Am Freitag, dem 12.12.2025 um 18:50 +0700 schrieb Jason Merrill:
> On 12/12/25 2:10 PM, Martin Uecker wrote:
> > Am Freitag, dem 12.12.2025 um 09:21 +0700 schrieb Jason Merrill via Gcc:
> > > On Fri, Dec 12, 2025, 8:57 a.m. Krister Walfridsson via Gcc 
> > > <[email protected]>
> > > wrote:
> > > 
> > > > On Thu, 11 Dec 2025, Richard Biener wrote:
> > > > 
> > > > > Date: Thu, 11 Dec 2025 12:38:43 +0100
> > > > > From: Richard Biener <[email protected]>
> > > > > To: Krister Walfridsson <[email protected]>
> > > > > Cc: [email protected]
> > > > > Subject: Re: pointer comparison in GIMPLE
> > > > > 
> > > > > On Thu, Dec 11, 2025 at 5:12 AM Krister Walfridsson
> > > > > <[email protected]> wrote:
> > > > > > 
> > > > > > On Wed, 10 Dec 2025, Richard Biener wrote:
> > > > > > 
> > > > > > > > The problem is that in GIMPLE, a pointer does not need to be in
> > > > bounds.
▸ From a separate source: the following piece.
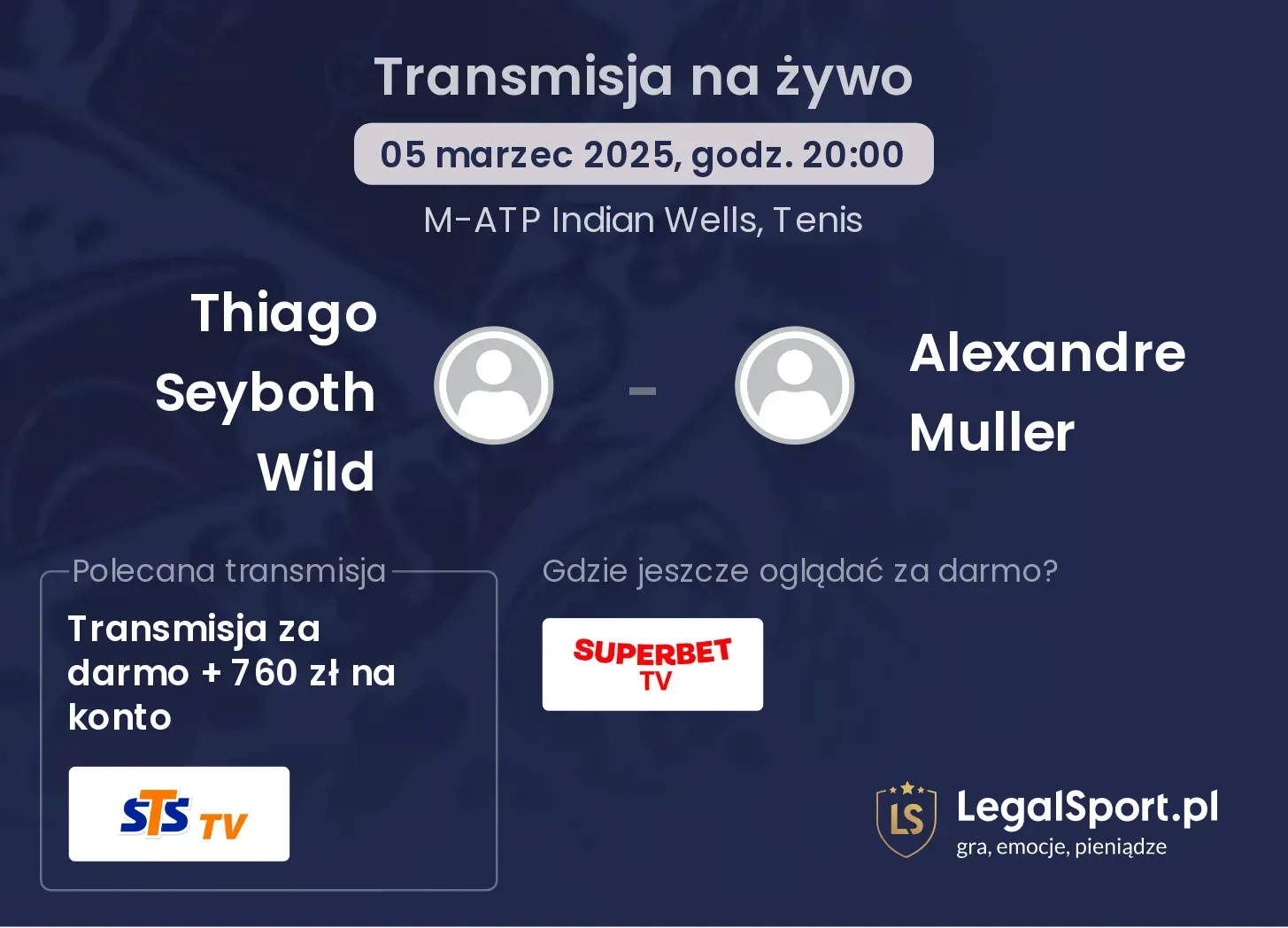 Thiago Seyboth Wild - Alexandre Muller gdzie oglądać?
The caller could call the function with a value of i such that 
> > > > p +
> > > > i happens to be equal to &a. So, as I understand it, the GIMPLE 
> > > > semantics
> > > > do not allow the pass to conclude that p + i == &a is false, unless p + 
> > > > i
> > > > is dereferenced (because dereferencing a through p + i would be UB due 
> > > > to
> > > > provenance).
> > > > > > > 
> > > > > > > GIMPLE adopts most of the C pointer restrictions here thus we can 
> > > > > > > (and
> > > > do) conclude that pointers stay within an object when advanced.  This is
> > > > used by the PTA pass which results are used when we optimize your 
> > > > example.
> > > > You have to divert to integer arithmetic to circumvent this and the PTA
> > > > pass, while tracking provenance through integers as well, does the right
> > > > thing with this.
> > > > > > 
> > > > > > Great, that is much better for smtgcc than the semantics I have
> > > > currently
> > > > > > implemented!
> > > > > > 
> > > > > > But it is not completely clear to me what "most of the C pointer
> > > > > > restrictions" implies. Is the following a correct interpretation?
> > > > > > 
> > > > > > 1. A pointer must contain a value that points into (or one past) an
> > > > object
> > > > > > corresponding to its provenance (where a pointer may have multiple
> > > > > > provenances). Otherwise it invokes undefined behavior.
> > > > > 
> > > > > Hmm.  I think it's only UB when you'd "use" that pointer.  That is, 
> > > > > PTA
> > > > would
> > > > > compute the points-to set to 'nothing'.  The immediate consequences 
> > > > > are
> > > > such
> > > > > pointer isn't equal to any other pointer and accesses through it alias
> > > > > with nothing,
> > > > > stores would be DSEd.  But at the point a SSA var is assigned such a
> > > > pointer
> > > > > we couldn't place a trap() (?)
> > > > > 
> > > > > > 2. The provenance used for the result of POINTER_PLUS is the union 
> > > > > > of
> > > > the
> > > > > > provenances for the two arguments.
> > > > > 
> > > > > For POINTER_PLUS it's the provenance of the first argument.
> > > > > 
> > > > > For PLUS_EXPR it is the union of both arguments.  For 
> > > > > POINTER_DIFF_EXPR
> > > > > the result has no provenance.
> > > > > 
> > > > > > 3. The POINTER_PLUS operation is UB if the calculation overflows and
> > > > > > TYPE_OVERFLOW_WRAPS(ptr_type) is false.
> > > > > 
> > > > > Yes.
> > > > > 
> > > > > > 4. The rules are the same for the calculations done in MEM_REF and
> > > > > > TARGET_MEM_REF as for POINTER_PLUS.
> > > > > 
> > > > > Yes.
> > > > > 
> > > > > > Question: For the TARGET_MEM_REF calculation:
> > > > > >     BASE + STEP * INDEX + INDEX2 + OFFSET
> > > > > > Is it treated as one POINTER_PLUS, i.e.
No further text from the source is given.